((

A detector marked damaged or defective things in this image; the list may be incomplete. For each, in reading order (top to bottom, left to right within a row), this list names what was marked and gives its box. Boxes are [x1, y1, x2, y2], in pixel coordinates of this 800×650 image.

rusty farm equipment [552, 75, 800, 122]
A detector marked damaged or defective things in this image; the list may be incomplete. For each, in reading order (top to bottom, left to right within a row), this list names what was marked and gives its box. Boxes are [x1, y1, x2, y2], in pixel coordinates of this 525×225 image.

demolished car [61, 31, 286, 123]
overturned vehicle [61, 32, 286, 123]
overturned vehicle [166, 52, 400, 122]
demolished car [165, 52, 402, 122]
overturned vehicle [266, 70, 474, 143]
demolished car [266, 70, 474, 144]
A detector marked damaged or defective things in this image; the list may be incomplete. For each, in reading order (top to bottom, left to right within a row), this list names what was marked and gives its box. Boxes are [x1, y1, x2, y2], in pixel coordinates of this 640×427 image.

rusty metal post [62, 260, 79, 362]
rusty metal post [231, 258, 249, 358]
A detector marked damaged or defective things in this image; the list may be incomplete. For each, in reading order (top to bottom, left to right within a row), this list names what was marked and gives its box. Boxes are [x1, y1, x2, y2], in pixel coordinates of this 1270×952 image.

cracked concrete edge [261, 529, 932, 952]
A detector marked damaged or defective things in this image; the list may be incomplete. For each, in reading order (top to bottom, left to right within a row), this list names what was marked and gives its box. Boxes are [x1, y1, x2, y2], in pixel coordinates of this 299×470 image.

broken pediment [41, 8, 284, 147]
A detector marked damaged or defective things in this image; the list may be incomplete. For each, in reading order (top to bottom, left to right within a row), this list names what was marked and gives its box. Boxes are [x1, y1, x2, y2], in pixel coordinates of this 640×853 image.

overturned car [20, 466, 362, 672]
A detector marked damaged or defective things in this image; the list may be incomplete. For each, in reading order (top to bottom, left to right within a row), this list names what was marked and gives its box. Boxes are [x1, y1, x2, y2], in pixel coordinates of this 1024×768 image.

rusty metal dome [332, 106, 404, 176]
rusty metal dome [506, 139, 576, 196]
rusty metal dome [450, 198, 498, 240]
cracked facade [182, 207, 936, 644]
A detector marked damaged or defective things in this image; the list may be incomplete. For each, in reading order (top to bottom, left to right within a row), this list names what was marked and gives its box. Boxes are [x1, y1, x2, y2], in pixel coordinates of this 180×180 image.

))

- Required work:
Lines from the one with "this 1024×768 image." through the end of the data: set these down exactly, including both ends and nothing more.

- Solution:
A detector marked damaged or defective things in this image; the list may be incomplete. For each, in reading order (top to bottom, left to right within a row), this list names what was marked and gives its box. Boxes are [x1, y1, x2, y2], in pixel coordinates of this 1024×768 image.

rusty metal dome [332, 106, 404, 176]
rusty metal dome [506, 139, 576, 196]
rusty metal dome [450, 198, 498, 240]
cracked facade [182, 207, 936, 644]
A detector marked damaged or defective things in this image; the list may be incomplete. For each, in reading order (top to bottom, left to right within a row), this list names what was marked and gives its box. Boxes are [x1, y1, x2, y2], in pixel coordinates of this 180×180 image.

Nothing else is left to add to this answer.